# Caixabank cliente premium ¿Qué opináis?



## micamor (22 Abr 2017)

Era cliente de La Caixa, salí corriendo por las comisiones, me fui a Barclay, con cero comisiones y devolución de recibos.
Ahora al Comprar Caixabank Barclay, estoy forzoso en CaixaBank.

LLeva un año sin pisa la oficina, me respetaban las condiciones. 
La semana pasada fui, tenía que renovar la tarjeta de coordenadas si o si.

Total, que me entero que soy cliente premium (Banca Premier) , con un asesor especial para mi, en una oficina de banca privada de la Caixa. A primera vista, mola.
Cero comisiones en todo, una atención de lujo.
Pero..........
Los bancos no son tus amigos, y tuve la sensación que quieran que invirtiera mi dinero en sus productos. y no sé, .....

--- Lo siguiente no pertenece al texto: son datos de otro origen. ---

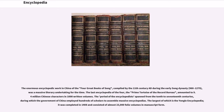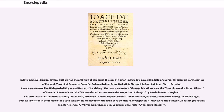The period of the encyclopedias spanned from the 10th to 17th centuries, during which the government of China employed hundreds of scholars to assemble massive encyclopedias. The largest of which is the Yongle Encyclopedia; it was completed in 1408 and consisted of almost 23,000 folio volumes in manuscript form. In late medieval Europe, several authors had the ambition of compiling the sum of human knowledge in a certain field or overall — for example Bartholomew of England, Vincent of Beauvais, Radulphus Ardens, Sidrac, Brunetto Latini, Giovanni de San Gimignano, and Pierre Bersuire. Some were women, like Hildegard of Bingen and Herrad of Landsberg. The most successful of those publications were the Speculum Maius (Great Mirror) of Vincent of Beauvais and the De Proprietatibus Rerum (On the Properties of Things) by Bartholomew of England. The latter was translated or adapted into French, Provençal, Italian, English, Flemish, Anglo-Norman, Spanish, and German during the Middle Ages. Both were written in the middle of the 13th century.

Alguno de vosotros tiene Cuenta Premium o Banca Premier.


----------



## Barruno (23 Abr 2017)

Yo tambien era de esos y me han acabado metiendo comisiones que luego tengo que pedir me retrocedan... cosa que hacen pero como paso de estar pidiendo, la semana pasada cancelé cuenta tras 10 años en el barclays y luego caixa.
Tambien motivado por que moví la nómina y recibos a la 123 de Santander y lacaixa tenía qye mantenerla con una transferencia mensual...
Al final atpc y adios.

Una cuenta zombi menos


----------



## klon (24 Abr 2017)

yo tengo la cuenta premium esa con tarjetas de crédito gratis 24 transferencias y no se que mas. La de debito no, pero me suelen condonar la comision.

Tengo algo en fondos con ellos, la atención es buena, pero son muy pesados intentando colocar cosas. Con lo que mas insisten es con las "carteras de fondos" y con los planes de pensiones, pero con no hacer mucho caso es suficiente....


----------



## Douglas MacArthur (25 Abr 2017)

Por motivos en contra de mi voluntad, yo también estoy forzoso en Caixabank (entre otras entidades).

Y sí, soy cliente Premium, ya que tengo al hipoteca con ellos. 0 comisiones y buena atención, no me quejo.

Pero lo mejor de todo es sin duda el hecho de tener sucursal al lado de casa, por si algún día tengo que prenderle fuego con todos ellos dentro ::


----------



## micamor (25 Abr 2017)

Gracias. Ya soy cliente de pleno derecho.
Me supongo que el truco es ir lo menos posible a la entidad. Hoy ya han intentado colocarme, un plan de pensiones, un PIA, uff, le he dicho, que me tengo que meditas mucho. Al margen de esto.

Bien, todo gratis. Mientras siga así, me supongo que no hay ninguno problema.
Las Visa oro llevan seguro de viajes incluido. Eso ya es un plus, y creo que no tienen comisión si sacas en el extranjero.

Sigo teniendo cuentas en:
ING, sabadell (cuenta expansión), activobank, BBVA (antes uno-e, ahora online sin comisiones), así que no me toquen mucho las narices que me voy.

Me he dado de baja en:
Santander, antes isantander, antes ibanesto (empecé con ibanesto). Uff, una odisea para darme de baja. A estos ya le he puesto las cruces.


----------



## klon (25 Abr 2017)

micamor dijo:


> Gracias. Ya soy cliente de pleno derecho.
> Me supongo que el truco es ir lo menos posible a la entidad. Hoy ya han intentado colocarme, un plan de pensiones, un PIA, uff, le he dicho, que me tengo que meditas mucho. Al margen de esto.
> 
> Bien, todo gratis. Mientras siga así, me supongo que no hay ninguno problema.
> Las Visa oro llevan seguro de viajes incluido. Eso ya es un plus, y creo que no tienen comisión si sacas en el extranjero.



Si son un poco pesados, Pero entiendo también que su trabajo es camelar.
Yo al decirle que cuando quisiera algo me aceriaria casi no me molestan.

Y si con las oro sacas en el extranjero sin comisiones. Yo las utilice en asia y sin problemas.


----------